**Exercise**
Begin at the line with "Чехол силиконовый с" and return each line through the final one of the listing below, exactly as written.

**Records provided**
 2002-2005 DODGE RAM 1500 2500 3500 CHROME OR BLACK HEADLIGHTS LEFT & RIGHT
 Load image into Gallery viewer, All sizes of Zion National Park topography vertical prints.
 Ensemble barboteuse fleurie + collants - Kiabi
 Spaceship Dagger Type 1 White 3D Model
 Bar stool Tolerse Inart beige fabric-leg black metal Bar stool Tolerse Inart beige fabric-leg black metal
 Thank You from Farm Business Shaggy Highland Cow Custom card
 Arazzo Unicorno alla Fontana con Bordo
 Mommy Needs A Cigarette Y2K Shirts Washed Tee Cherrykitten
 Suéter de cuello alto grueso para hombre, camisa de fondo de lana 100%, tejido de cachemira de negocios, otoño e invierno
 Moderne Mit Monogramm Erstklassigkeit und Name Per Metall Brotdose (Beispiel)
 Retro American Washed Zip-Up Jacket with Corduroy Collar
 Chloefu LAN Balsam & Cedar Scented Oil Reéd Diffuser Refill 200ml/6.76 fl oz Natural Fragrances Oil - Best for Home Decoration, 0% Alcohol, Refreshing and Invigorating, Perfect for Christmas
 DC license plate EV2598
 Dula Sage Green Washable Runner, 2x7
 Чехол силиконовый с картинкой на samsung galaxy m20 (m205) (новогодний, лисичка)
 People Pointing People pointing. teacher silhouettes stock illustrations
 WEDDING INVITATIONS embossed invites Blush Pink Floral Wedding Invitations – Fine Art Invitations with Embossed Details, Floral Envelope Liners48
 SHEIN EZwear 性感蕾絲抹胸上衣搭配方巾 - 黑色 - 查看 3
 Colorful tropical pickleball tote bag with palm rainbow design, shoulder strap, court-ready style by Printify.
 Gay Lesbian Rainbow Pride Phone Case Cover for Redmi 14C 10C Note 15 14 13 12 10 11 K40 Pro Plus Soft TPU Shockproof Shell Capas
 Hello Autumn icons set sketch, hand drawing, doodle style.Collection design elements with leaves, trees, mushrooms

**Solution to the exercise**
 Чехол силиконовый с картинкой на samsung galaxy m20 (m205) (новогодний, лисичка)
 People Pointing People pointing. teacher silhouettes stock illustrations
 WEDDING INVITATIONS embossed invites Blush Pink Floral Wedding Invitations – Fine Art Invitations with Embossed Details, Floral Envelope Liners48
 SHEIN EZwear 性感蕾絲抹胸上衣搭配方巾 - 黑色 - 查看 3
 Colorful tropical pickleball tote bag with palm rainbow design, shoulder strap, court-ready style by Printify.
 Gay Lesbian Rainbow Pride Phone Case Cover for Redmi 14C 10C Note 15 14 13 12 10 11 K40 Pro Plus Soft TPU Shockproof Shell Capas
 Hello Autumn icons set sketch, hand drawing, doodle style.Collection design elements with leaves, trees, mushrooms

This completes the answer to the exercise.